SOURCE RECORDS:
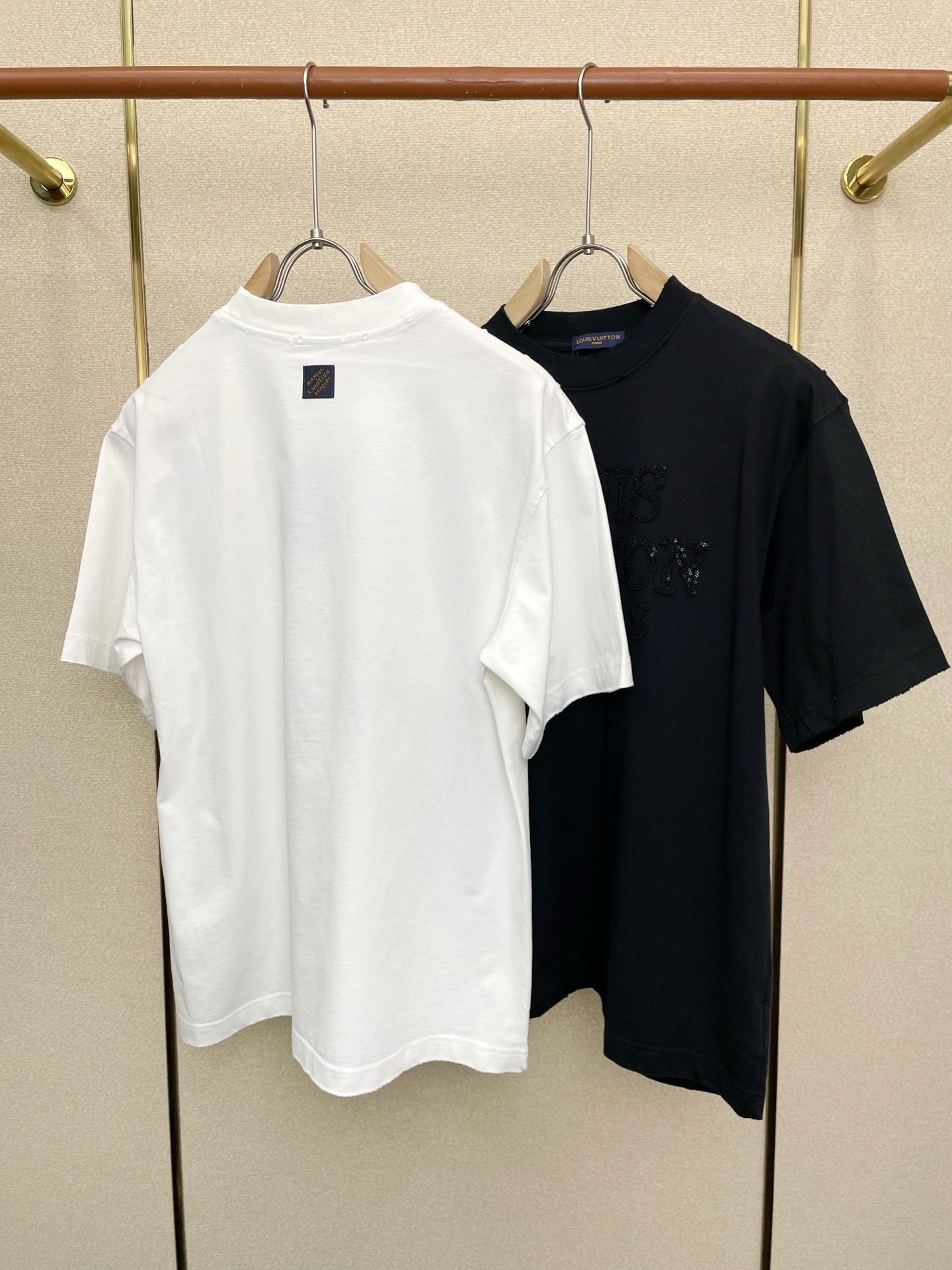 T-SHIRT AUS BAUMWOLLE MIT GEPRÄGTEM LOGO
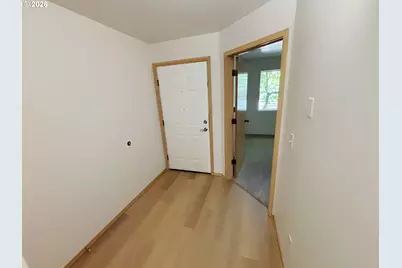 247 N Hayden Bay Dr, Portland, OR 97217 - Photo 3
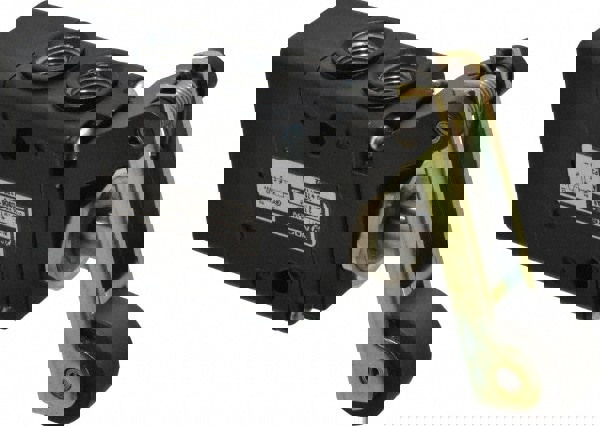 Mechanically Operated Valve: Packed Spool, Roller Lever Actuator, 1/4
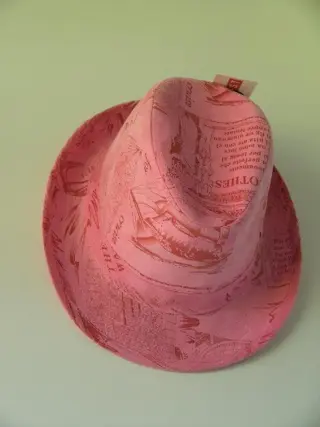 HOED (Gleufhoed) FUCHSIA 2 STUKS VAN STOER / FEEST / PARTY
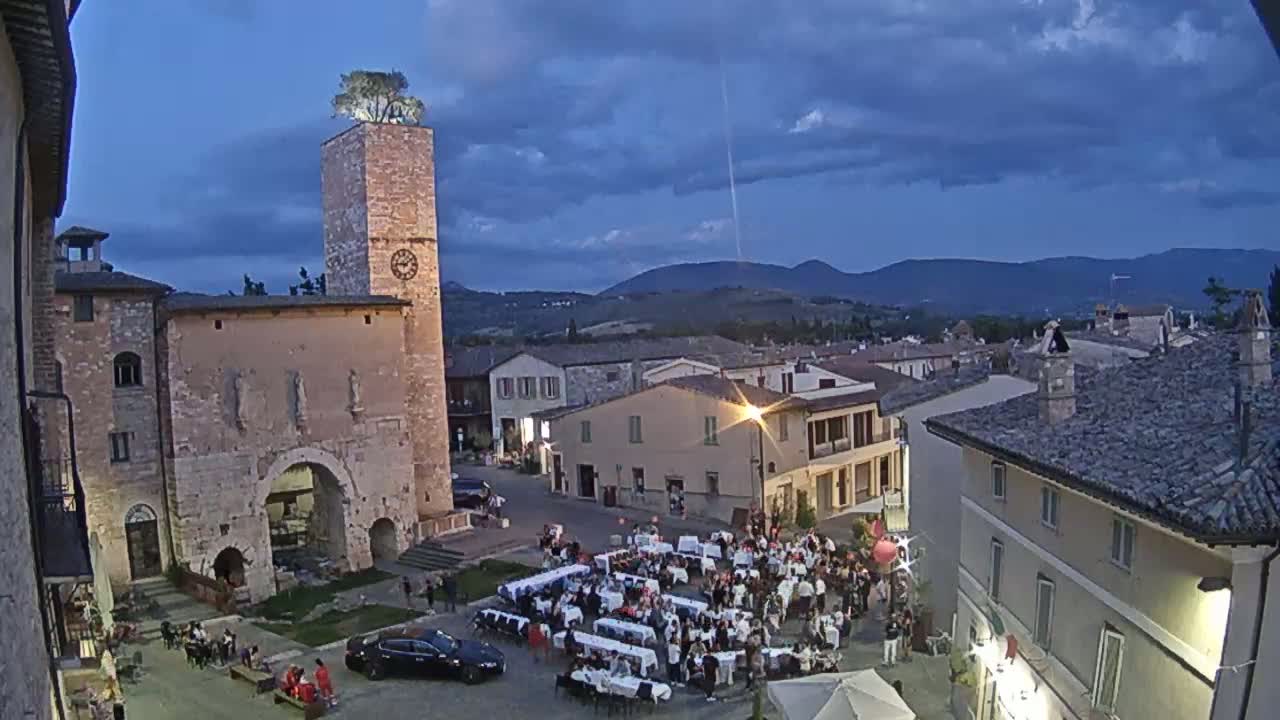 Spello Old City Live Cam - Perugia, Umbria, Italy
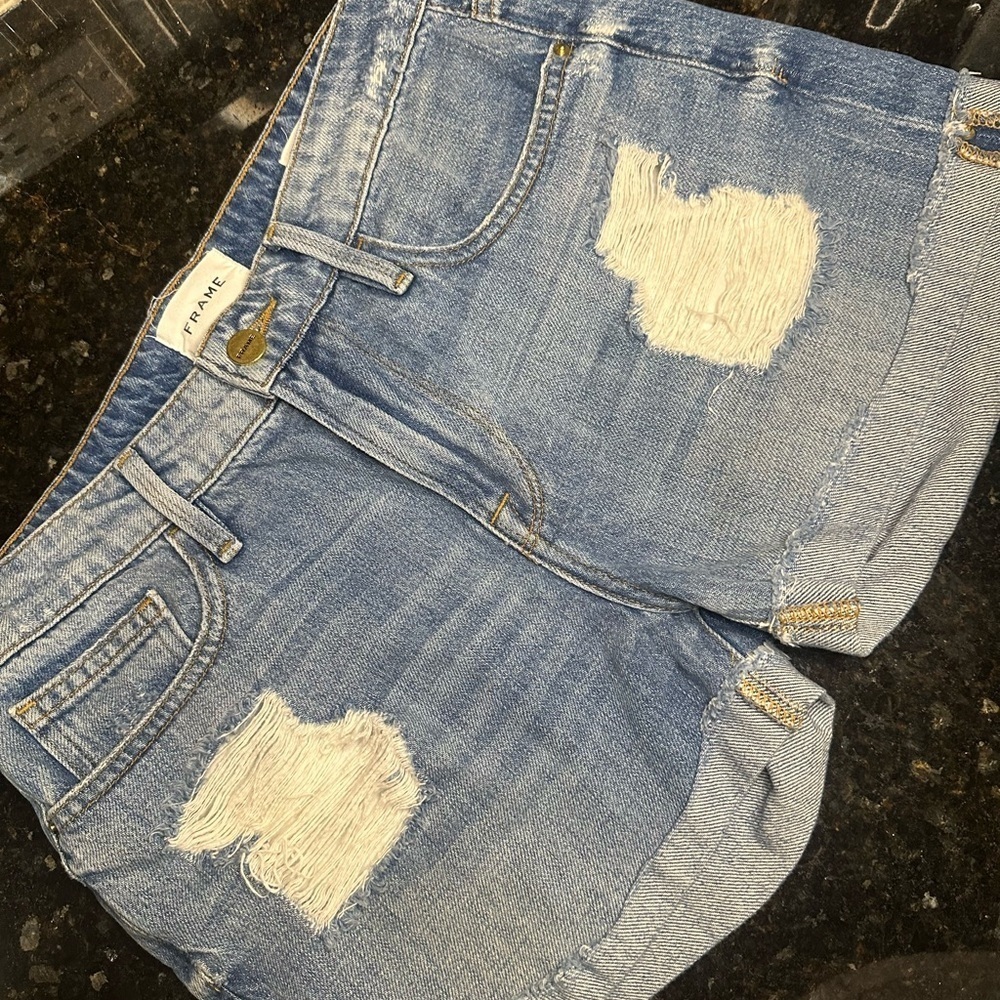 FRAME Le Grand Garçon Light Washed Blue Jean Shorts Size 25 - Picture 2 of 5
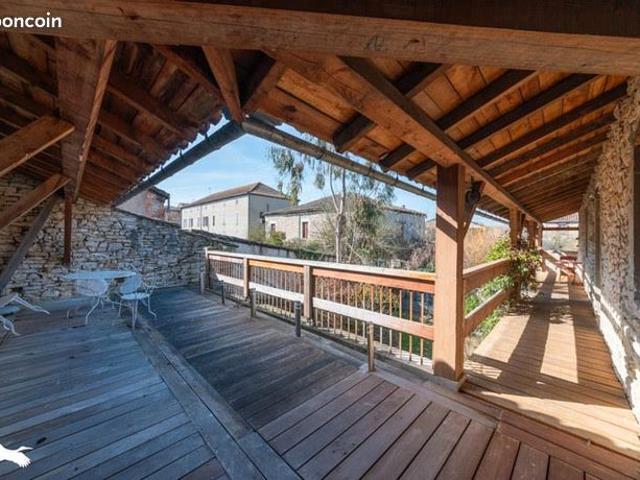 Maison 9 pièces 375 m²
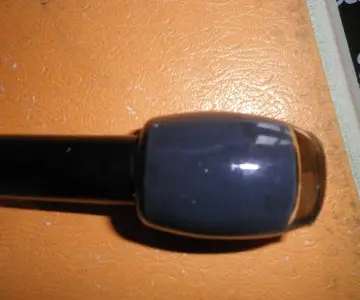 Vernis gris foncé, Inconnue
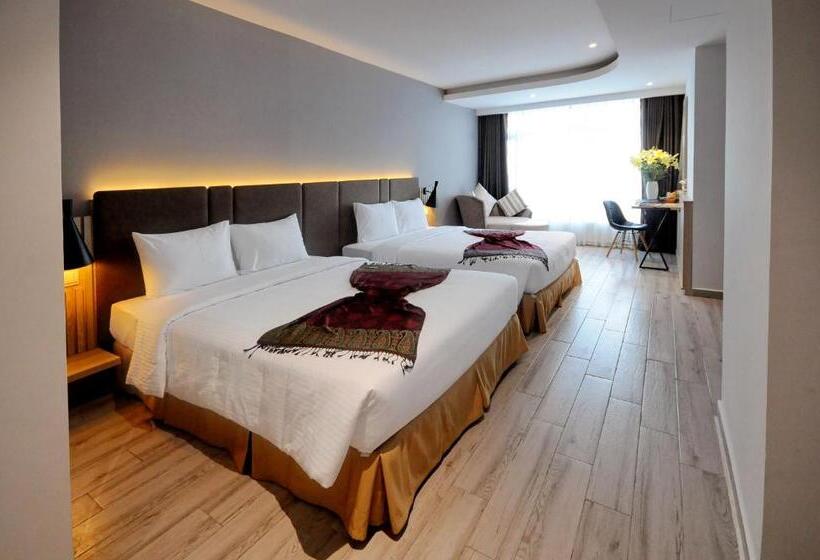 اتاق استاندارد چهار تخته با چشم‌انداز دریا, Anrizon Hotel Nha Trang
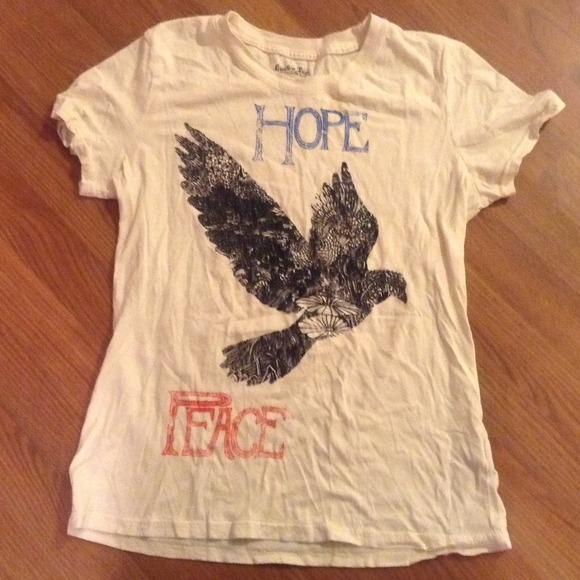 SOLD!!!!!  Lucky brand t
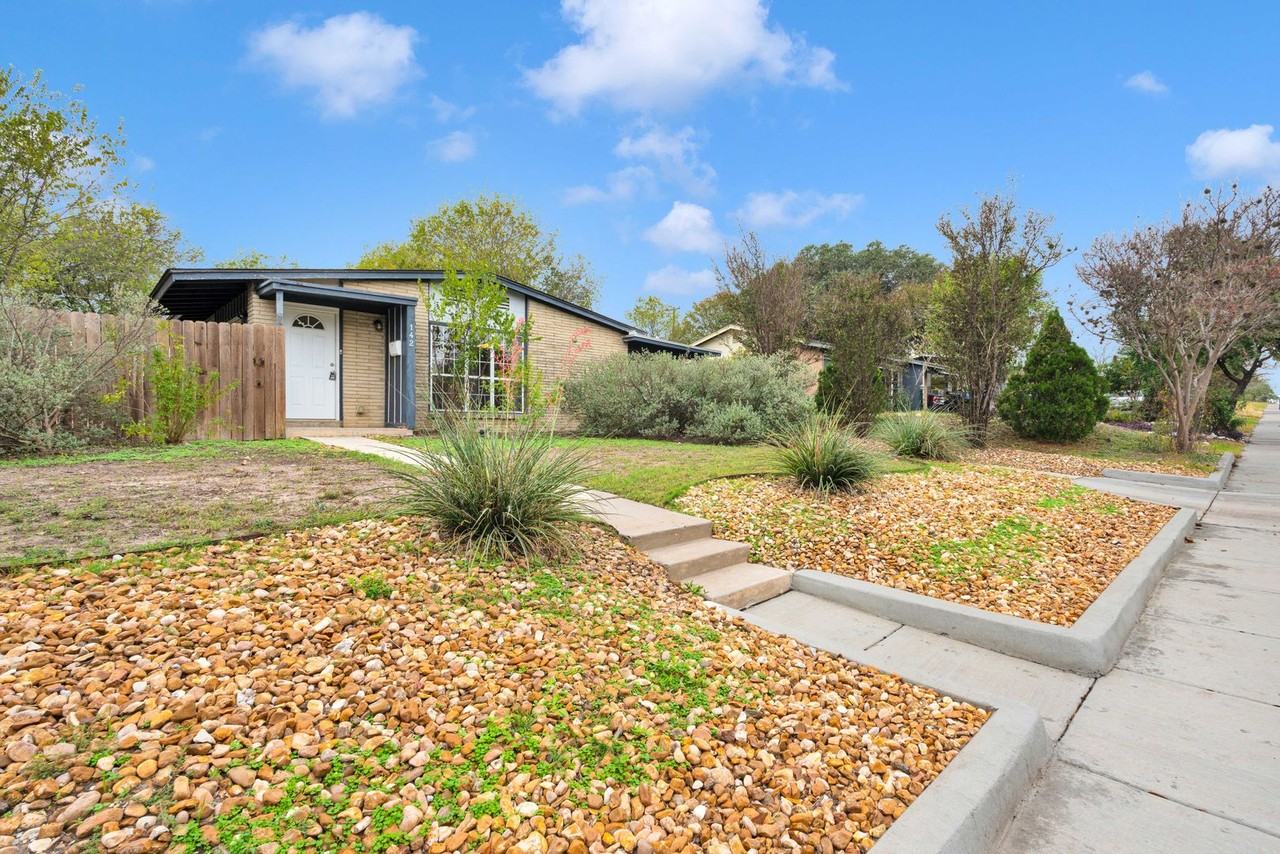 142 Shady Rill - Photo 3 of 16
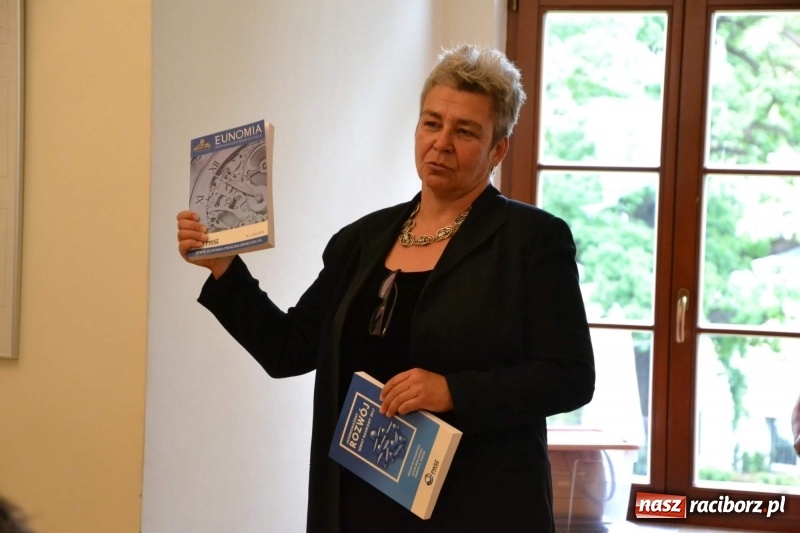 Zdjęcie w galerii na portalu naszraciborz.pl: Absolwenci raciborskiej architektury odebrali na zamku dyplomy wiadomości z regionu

HOW TO COMPLETE THIS TASK: Each record should appear again exactly as it stands, with no picture included.

TASK RESULT:
 T-SHIRT AUS BAUMWOLLE MIT GEPRÄGTEM LOGO
 247 N Hayden Bay Dr, Portland, OR 97217 - Photo 3
 Mechanically Operated Valve: Packed Spool, Roller Lever Actuator, 1/4
 HOED (Gleufhoed) FUCHSIA 2 STUKS VAN STOER / FEEST / PARTY
 Spello Old City Live Cam - Perugia, Umbria, Italy
 FRAME Le Grand Garçon Light Washed Blue Jean Shorts Size 25 - Picture 2 of 5
 Maison 9 pièces 375 m²
 Vernis gris foncé, Inconnue
 اتاق استاندارد چهار تخته با چشم‌انداز دریا, Anrizon Hotel Nha Trang
 SOLD!!!!!  Lucky brand t
 142 Shady Rill - Photo 3 of 16
 Zdjęcie w galerii na portalu naszraciborz.pl: Absolwenci raciborskiej architektury odebrali na zamku dyplomy wiadomości z regionu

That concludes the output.